2. Morganton: South Mountains State Park, 11.8-mile loop. I was reminded of South Mountains State Park as a great place for a quiet fall getaway when I overheard one hiker trying to explain to another where the park is. After several aborted attempts, he finally said, “It’s near Morganton. Sorta.” One of the beauties of South Mountains is its vague location, sorta near Morganton (in fact, South Mountains State Park is about 16 miles south of Morganton on backroads), keeps the masses away. That leaves lots of solitude for you on the 40 miles of trail that penetrate this 18,000-acre playground. A favorite loop is the 11.8-mile counterclockwise traverse of
Raven Rock, HQ, Possum, Horseridge, Lower CCC, Fox, Jacob Branch and Upper Falls trails. A nice, long dayhike or an overnighter. Helpful info here.
3. Charlotte/Triad: Sugarloaf and Morrow Mountain Trails, Morrow Mountain State Park, 5.4 miles. This 5.4-mile hike bags two peaks at Morrow Mountain State Park.
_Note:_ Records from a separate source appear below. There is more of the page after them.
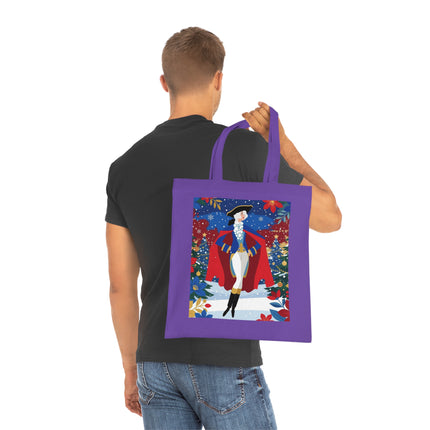 🎄🎭 The Christmas Masquerade Lady Cotton Tote Bag – Art Deco Holiday Glamour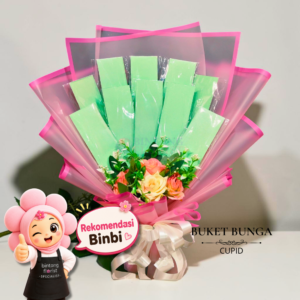 Rangkaian Buket Bunga Uang Model Cupid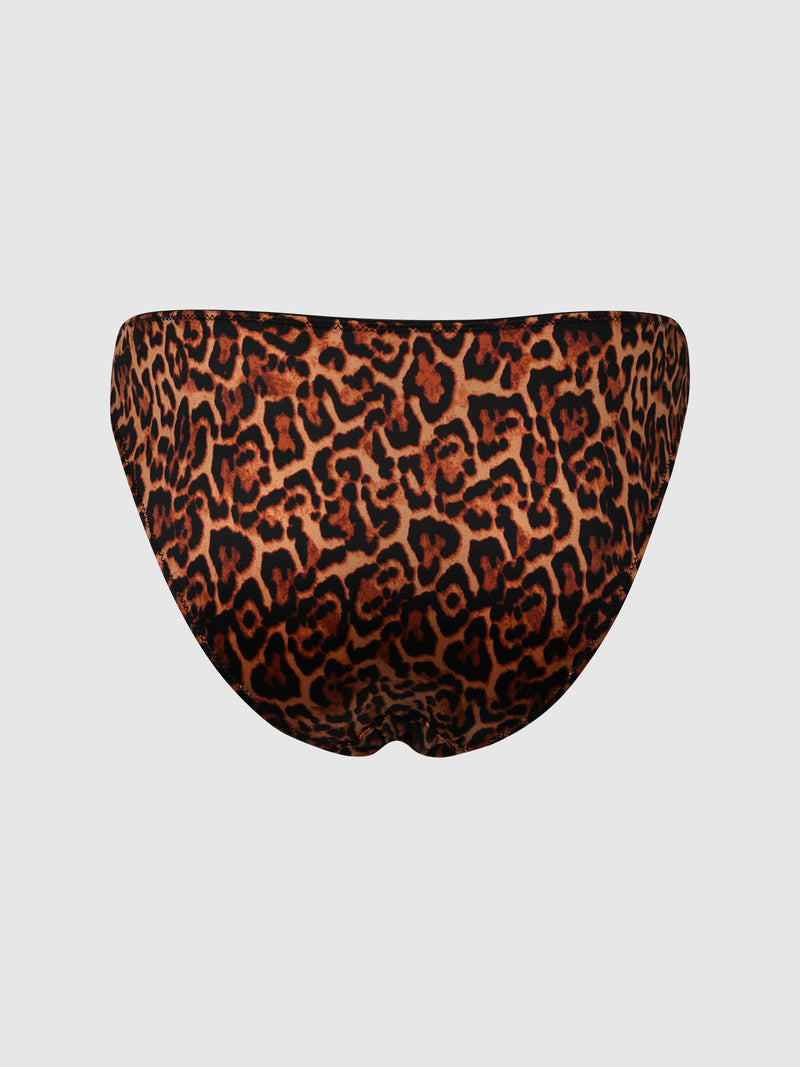 Lexi Liquid Satin Hipster by Frederick's of Hollywood shown from the back on a light grey background, featuring a bold, multicolored leopard print.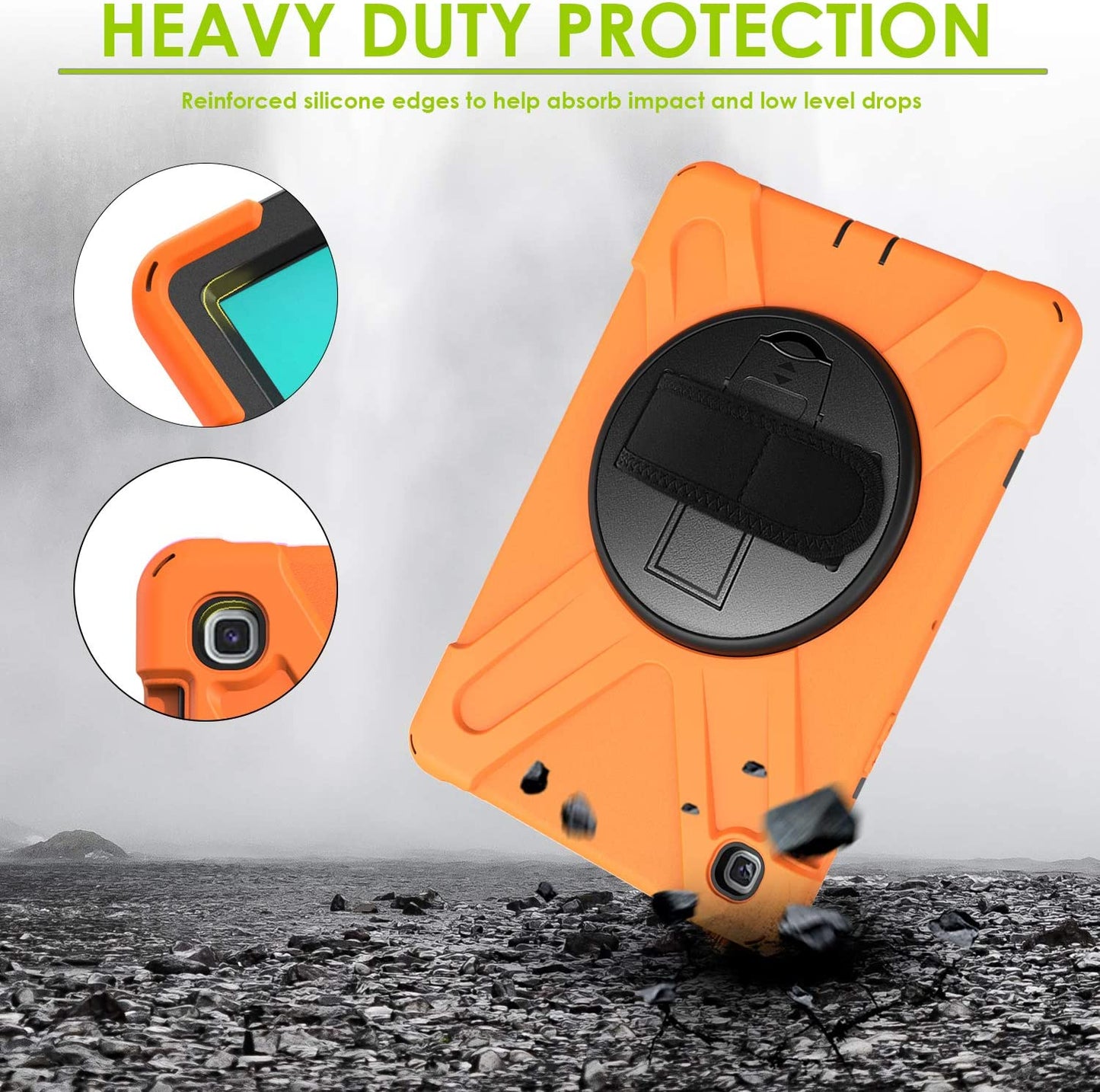 Yapears Shield Series Samsung Tab 10.1 Case SM-T510/T515 Samsung Galaxy Tab A 10.1 Case 2019 Shockproof Rugged Cover 360 Kickstand, Hand Strap & Shoulder Strap for Galaxy Tab A 10.1 Inch - Yellow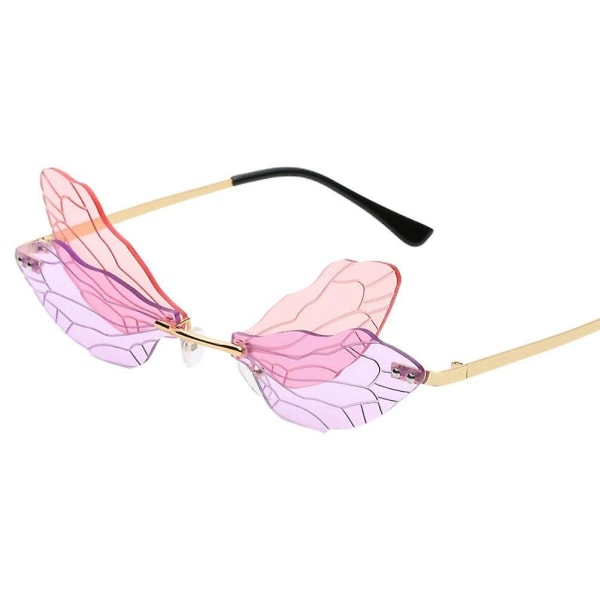 Sunglasses Butterfly Rimless Sunglasses Eye Eyewear Metal Frame Sunglasses Uv400（Pink）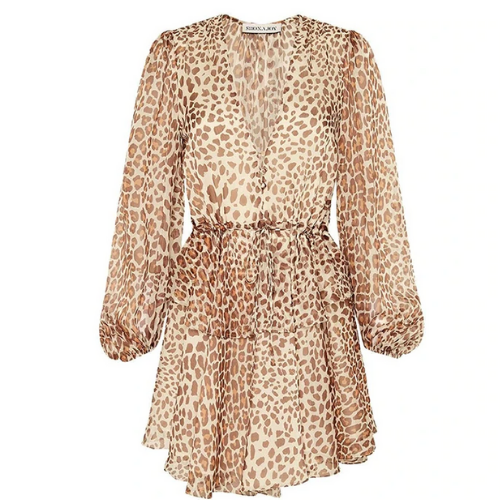 robe imprimé léopard courte à manches longues mode femme printemps 2021 en ligne pas cher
And yes, I say “bags two peaks” without reservation. Both the climb up 843-foot Sugarloaf and 906-foot Morrow Mountain are legitimate climbs. The first climb gains more than 350 feet in a relatively short distance, the second even more. And while the views are minimal from Sugarloaf, you’ll have numerous Kodak moments from the top of Morrow Mountain. You’ll also have company: your summit celebration is tempered slightly by the fact the peak is covered by a very large parking lot. Details here.
4. Greensboro: watershed lakes, 42 miles (short hikes of as little as a mile). Triad residents have numerous good options around the three watershed lakes — Brandt, Townsend and Higgins — north of town. Forty-two miles of watershed hiking trails take you through a variety of environments. The 1.6-mile Palmetto Trail, for instance, features some interesting geology; the 3.6-mile Nat Greene Trail offers a smorgasbord of Piedmont ecology. Details here.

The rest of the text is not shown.